Exercise inputs =
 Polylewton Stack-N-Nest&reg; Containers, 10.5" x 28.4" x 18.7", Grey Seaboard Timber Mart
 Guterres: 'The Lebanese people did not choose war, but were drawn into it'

--

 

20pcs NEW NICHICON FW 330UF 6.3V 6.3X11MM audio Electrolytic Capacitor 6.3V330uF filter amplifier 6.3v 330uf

Work request =
In the data above, start at the line that has "Seaboard Timber Mart", stop after the line that has "Guterres: 'The Lebanese", and print every line in between exactly as it stands.

Result =
 Polylewton Stack-N-Nest&reg; Containers, 10.5" x 28.4" x 18.7", Grey Seaboard Timber Mart
 Guterres: 'The Lebanese people did not choose war, but were drawn into it'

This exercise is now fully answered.